Mother/Daughter Book Club: Out of My Mind

Book Review:

Out of My Mind by Sharon M. Draper is one of the best books I’ve read in a long time. It’s one of those books that actually changes the way you think. The story is told from the point of view of Melody, a brilliant fifth-grader who can’t talk or walk. Born with cerebral palsy, Melody has never been able to communicate and she fights to be heard and accepted at school. This book amazed us and changed the way we view people with disabilities. I would encourage everyone to read this book!

Discussion Questions:

1.    The novel opens with a powerful discussion of the power of words and language. How does this help capture the reader's attention? What predictions can the reader make about the narrator of the story? What inferences can be made about the thought processes of the narrator's mind?

2.    In a world that does not work for her, what seems to cause the biggest frustrations for Melody?

3.    Describe Melody's parents. How do they learn to communicate with Melody and help her to overcome everyday problems? Why are those efforts sometimes a complete failure?

4.    How does Melody feel about school? How does she fit in with her classmates and what makes her different from the rest of the children in H-5? What would be Melody's ideal school situation?
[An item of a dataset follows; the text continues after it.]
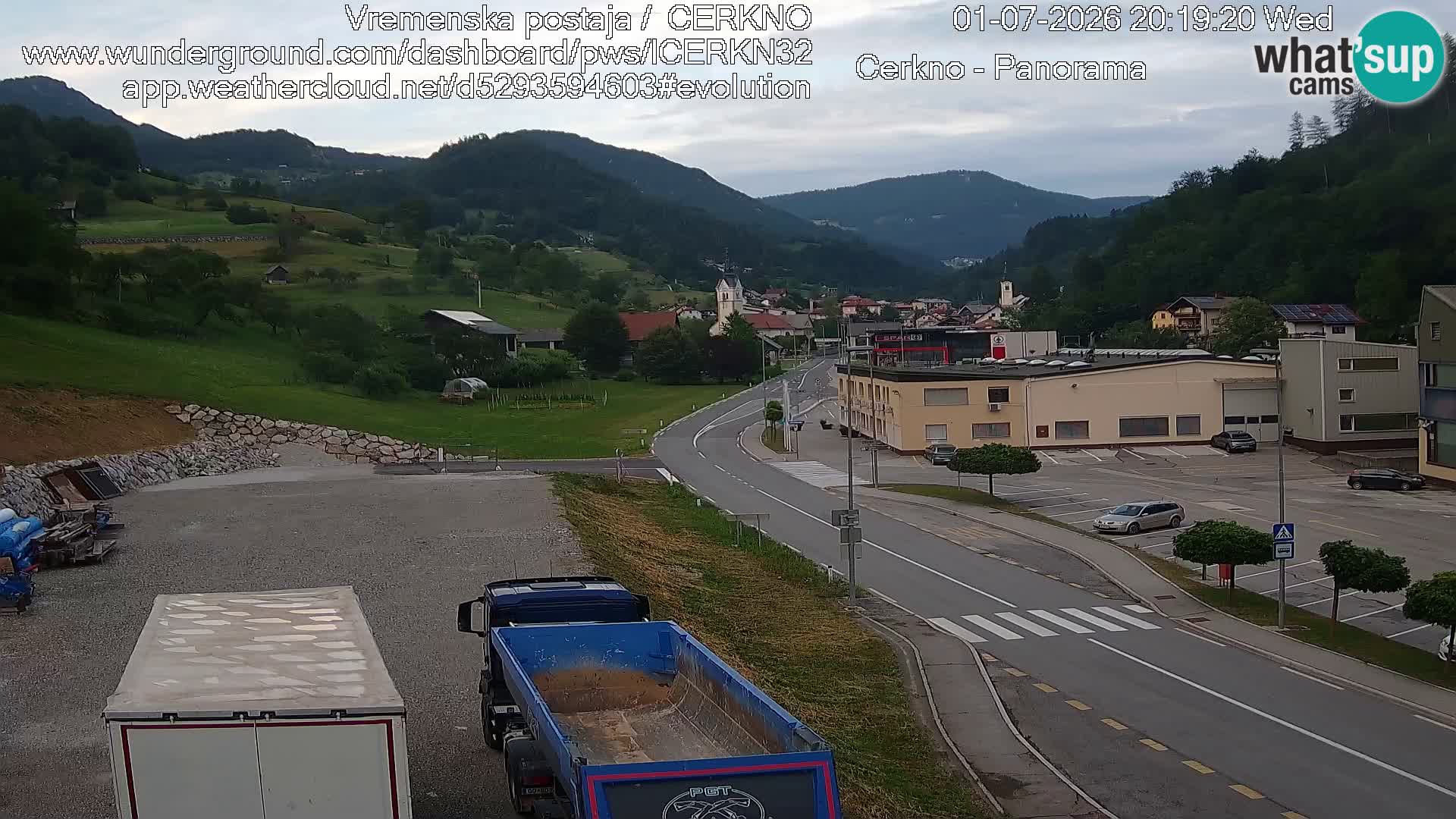 Cerkno vhod v mesto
5.    Discuss Melody's teachers since she began going to school. What does this say about her school system, or about attitudes at her school about teaching children with special needs?

6.    Describe Mrs. V. What role does she play in Melody's development? Why is she a necessary addition to Melody's life?
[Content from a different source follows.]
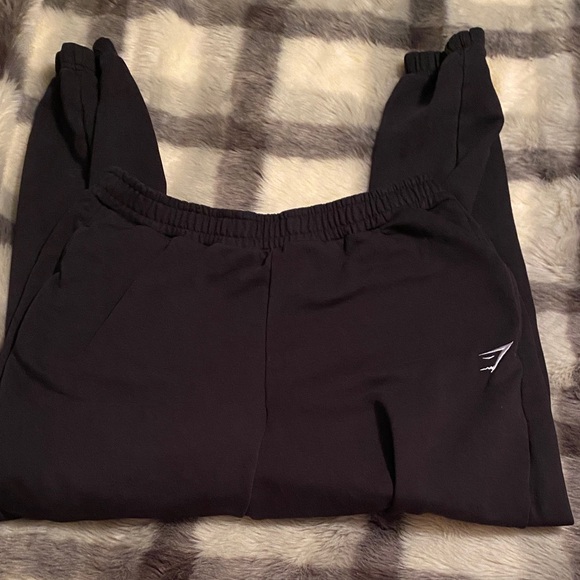 Gymshark Black Sweat Pants - Picture 1 of 4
7.    What is significant about the story of Ollie the fish? How does Ollie's life mirror Melody's? Describe Melody's feelings when she is unable to tell her mother what really happened.

8.    Describe how the introduction of Penny as a character changes the family dynamics. Analyze Melody's complicated feelings about her little sister.

9.    How does the inclusion program change Melody's school experiences? Describe both positive and negative results of the program. Describe Melody's deep, unrealized need for a friend.

10. What does Melody learn about friendship during the trip to the aquarium? Make a comparison between Ollie's life, the life of the fish in the aquarium, and Melody's life.

11. How does Melody's computer change her life, her outlook on life, and her potential? Why does she name it Elvira?

12. Why does Melody decide to enter the quiz team competition? What obstacles must she face and overcome just to get on the team?

13. What does Melody learn about friendship and the relationships of children working together as she practices and competes with the quiz team? What does she learn about herself?

14. What is ironic about the events at the restaurant after the competition? How does this scene foreshadow the events that led up to the airport fiasco?

15. Describe Melody's feelings before the trip to the airport, while she is there, and after she gets home. How would you have coped with the same situation?

16. Describe Melody's extreme range of emotions as she tries to tell her mother that Penny is behind the car. How did the scene make you feel?

17. Discuss the scene in which Melody confronts the kids on the quiz team. What is satisfying about how she handles the situation? What else might Melody have done?

18. Why is the first page repeated at the end of the book? How has Melody changed, both personally and socially, from the beginning of the book to the end?

19. How would this story have been different if it had been written from a third-person point of view; from the point of view of her parents, for example, or simply from the viewpoint of an outside observer?

20. Explain the title of the novel. Give several possible interpretations.

(Questions taken from publisher)

Food Ideas:

Mac n' Cheese and Chocolate Chip Cookies


My friend made a jeopardy quiz game with questions about the book. We broke into teams of girls vs. moms, and somehow, the girls won! Then the girls broke into pairs and were given sheets of paper with words on them. Only using their thumbs, they had to try to communicate a sentence to their partner with the words on the sheet. They took turns doing this a few times – such a great activity to gain a better understanding of Melody’s life.